Y en ese escenario, convenientemente hicieron a un lado lo que sucedió en el resto del país: el partido en el gobierno ganó once de las 15 gubernaturas en disputa.

El PRI perdió las siete que controlaba. Al PRD le arrebataron el único gobierno que conservaba, Michoacán, y el PAN mantuvo los espacios que ya tenía.

La sorpresa fueron el Partido Verde, que ganó el gobierno de San Luis Potosí, y Movimiento Ciudadano, que obtuvo la mayoría en Nuevo León.

Pero en el balance final, el ganador indudable fue Morena que en los próximos meses gobernará en 17 de los 32 estados del país.

Es la realidad que la alianza opositora y la mayoría de los medios tradicionales no quieren aceptar.

Ni siquiera cuando se los dice uno de sus miembros distinguidos, el exsenador Gustavo Madero.

En un artículo el político chihuahuense reconoce abiertamente que no tienen nada que celebrar. Y aporta datos:

La coalición Va Por México “solo logró quitarle 34 de los 218 distritos que obtuvo Morena en 2018” escribe. “Nuestro objetivo real, crear una nueva mayoría opositora, no se logró”.

Aún más, en términos reales la votación efectiva de los partidos que integran la alianza es menor que hace tres años.

En 2018 el PRI, PAN, PRD y PVEM -que contendieron contra López Obrador- obtuvieron 28 millones 104 mil votos.

Este año Va por México registró 22 millones de sufragios. Menos que hace tres años, a pesar de la intensa campaña de odio y desinformación que han mantenido.

¿Por qué entonces el exagerado festejo? Quizá por estrategia. El resultado de los comicios en Ciudad de México demuestra que la estrategia de manipulación y mentiras surtió efecto en muchas personas.

Los datos del Instituto Nacional Electoral muestran que existió una votación masiva en zonas de clase media y barrios adinerados, donde el porcentaje de participación superó el 60%.

Los electores de estos barrios y colonias sintieron la imperiosa necesidad de asistir a las casillas, para tratar de poner freno al presidente López Obrador.

El suyo fue un voto de castigo, enojo, miedo, odio.

Por el contrario, en las zonas con menor ingreso que tradicionalmente han apoyado al movimiento de AMLO hubo un alto índice de abstencionismo.

Los opositores a la 4T ven este resultado como un aliciente para mantener la estrategia de desinformación.

Es previsible que la profundicen y para tener éxito necesitan por fuerza mantener la idea de que ganaron la elección. Y en esa tarea los medios tradicionales tienen un papel central.

En tal escenario cuentan con un aliado: la autocomplacencia de Morena.

No hay en el análisis público de sus dirigentes la necesaria reflexión sobre los errores cometidos, y por el contrario el ánimo en el partido parece ser de celebración.
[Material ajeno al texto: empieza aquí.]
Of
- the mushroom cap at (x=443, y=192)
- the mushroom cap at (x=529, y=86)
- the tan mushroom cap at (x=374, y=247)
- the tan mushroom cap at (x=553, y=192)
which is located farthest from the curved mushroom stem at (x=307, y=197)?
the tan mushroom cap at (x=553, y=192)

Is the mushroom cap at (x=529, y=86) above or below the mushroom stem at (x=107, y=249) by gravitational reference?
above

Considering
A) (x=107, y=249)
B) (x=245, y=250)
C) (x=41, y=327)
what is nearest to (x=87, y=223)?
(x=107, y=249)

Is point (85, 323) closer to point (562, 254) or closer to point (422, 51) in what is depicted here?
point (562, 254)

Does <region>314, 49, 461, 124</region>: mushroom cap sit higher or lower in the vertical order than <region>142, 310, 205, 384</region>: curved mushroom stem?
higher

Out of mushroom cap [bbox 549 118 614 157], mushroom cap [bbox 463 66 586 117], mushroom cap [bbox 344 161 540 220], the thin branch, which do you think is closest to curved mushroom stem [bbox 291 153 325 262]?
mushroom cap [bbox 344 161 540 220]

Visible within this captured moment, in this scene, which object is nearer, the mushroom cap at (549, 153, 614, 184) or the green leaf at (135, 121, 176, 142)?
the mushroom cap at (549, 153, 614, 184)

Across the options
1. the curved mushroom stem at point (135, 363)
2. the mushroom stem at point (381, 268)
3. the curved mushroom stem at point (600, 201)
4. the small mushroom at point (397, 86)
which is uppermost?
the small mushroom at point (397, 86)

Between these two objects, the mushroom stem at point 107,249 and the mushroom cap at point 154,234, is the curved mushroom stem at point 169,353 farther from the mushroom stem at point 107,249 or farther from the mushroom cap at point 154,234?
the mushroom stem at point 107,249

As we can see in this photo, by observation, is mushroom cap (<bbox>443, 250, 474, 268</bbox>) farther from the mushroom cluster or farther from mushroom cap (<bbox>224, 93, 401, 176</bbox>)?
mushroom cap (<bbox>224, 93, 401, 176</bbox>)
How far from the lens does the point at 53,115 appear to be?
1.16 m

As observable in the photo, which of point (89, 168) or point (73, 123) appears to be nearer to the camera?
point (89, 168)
Hay razones para hacerlo, claro, pero también una urgente necesidad de revisar a profundidad quiénes fallaron y por qué.

No son pocas las denuncias sobre fuego amigo, especialmente en la capital del país. Hasta el presidente López Obrador lo dijo en una conferencia matutina.

Es cierto que los números reales están lejos de la catástrofe que se pregona en medios mexicanos y algunos extranjeros.
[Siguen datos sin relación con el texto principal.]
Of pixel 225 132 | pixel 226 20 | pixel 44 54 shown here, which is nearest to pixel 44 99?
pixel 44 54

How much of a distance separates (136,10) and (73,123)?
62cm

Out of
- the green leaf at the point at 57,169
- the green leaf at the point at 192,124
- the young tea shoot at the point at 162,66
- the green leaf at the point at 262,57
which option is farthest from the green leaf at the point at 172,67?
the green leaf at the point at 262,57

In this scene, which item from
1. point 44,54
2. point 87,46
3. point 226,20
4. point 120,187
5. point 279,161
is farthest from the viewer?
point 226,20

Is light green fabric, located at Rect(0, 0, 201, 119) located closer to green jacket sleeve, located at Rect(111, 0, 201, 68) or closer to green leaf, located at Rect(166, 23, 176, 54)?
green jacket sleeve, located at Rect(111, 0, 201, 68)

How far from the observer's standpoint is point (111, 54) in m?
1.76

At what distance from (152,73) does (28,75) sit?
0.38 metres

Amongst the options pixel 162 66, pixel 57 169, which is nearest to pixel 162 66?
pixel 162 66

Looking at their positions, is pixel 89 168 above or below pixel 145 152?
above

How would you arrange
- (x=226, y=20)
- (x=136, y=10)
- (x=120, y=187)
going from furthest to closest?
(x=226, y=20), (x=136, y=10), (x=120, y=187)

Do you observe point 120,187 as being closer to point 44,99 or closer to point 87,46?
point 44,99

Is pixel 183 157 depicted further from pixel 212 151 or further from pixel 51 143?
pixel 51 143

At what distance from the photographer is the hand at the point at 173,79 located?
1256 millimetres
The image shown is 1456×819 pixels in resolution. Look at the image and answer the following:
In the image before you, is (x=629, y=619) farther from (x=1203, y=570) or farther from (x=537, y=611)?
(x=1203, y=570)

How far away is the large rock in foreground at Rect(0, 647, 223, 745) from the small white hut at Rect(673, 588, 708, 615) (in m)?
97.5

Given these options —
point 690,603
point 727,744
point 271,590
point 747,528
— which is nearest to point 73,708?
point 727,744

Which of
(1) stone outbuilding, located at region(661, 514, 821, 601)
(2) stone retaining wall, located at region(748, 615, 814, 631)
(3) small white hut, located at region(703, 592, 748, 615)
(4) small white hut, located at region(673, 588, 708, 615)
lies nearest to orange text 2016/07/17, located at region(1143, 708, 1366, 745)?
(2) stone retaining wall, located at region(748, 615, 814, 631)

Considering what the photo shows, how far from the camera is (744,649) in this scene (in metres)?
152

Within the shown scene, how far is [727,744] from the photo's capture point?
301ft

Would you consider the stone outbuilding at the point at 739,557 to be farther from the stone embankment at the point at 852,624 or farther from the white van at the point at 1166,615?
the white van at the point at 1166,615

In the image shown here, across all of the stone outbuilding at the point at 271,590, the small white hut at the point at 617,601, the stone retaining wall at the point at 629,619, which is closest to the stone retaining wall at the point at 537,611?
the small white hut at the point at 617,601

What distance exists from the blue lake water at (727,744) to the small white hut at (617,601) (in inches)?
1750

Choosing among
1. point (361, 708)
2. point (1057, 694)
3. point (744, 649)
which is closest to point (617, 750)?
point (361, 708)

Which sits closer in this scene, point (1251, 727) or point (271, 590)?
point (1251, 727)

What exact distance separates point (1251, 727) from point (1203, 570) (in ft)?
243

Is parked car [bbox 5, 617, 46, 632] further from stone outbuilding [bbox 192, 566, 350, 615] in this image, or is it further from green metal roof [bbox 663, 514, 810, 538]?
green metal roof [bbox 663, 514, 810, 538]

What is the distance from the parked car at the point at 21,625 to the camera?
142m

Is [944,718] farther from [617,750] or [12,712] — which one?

Pero también lo es que el 6 de junio Morena y sus líderes mostraron sus lados vulnerables, y sobre ellos es que se concentrarán en adelante los esfuerzos de la oposición.

Están engallados y en los próximos meses tendrán oportunidad de probar de nuevo la estrategia de odio, en la consulta nacional para decidir si se enjuicia o no a los expresidentes de la República.

Es el primer paso para la gran aduana, la joya de la corona que por momentos pensaron extraviada pero que el 6 de junio parece que encontraron algún rastro para recuperarla:

El referéndum de 2022 para decidir si López Obrador sigue o no en el cargo. Vencer -de a deveras- al presidente es el principal anhelo de los opositores.

Hasta la semana pasada, con la creciente popularidad del mandatario parecía algo imposible de alcanzar. Pero después de las votaciones el objetivo les parece cercano.

No importa que en los hechos no cuenten con el respaldo suficiente para conseguir su objetivo.

Es lo de menos porque ya crearon una realidad paralela a la que pretenden arrastrar a todo el país.

Y pueden lograrlo si Morena, los seguidores de la 4T y personajes aliados siguen en el pasmo y el apapacho personal.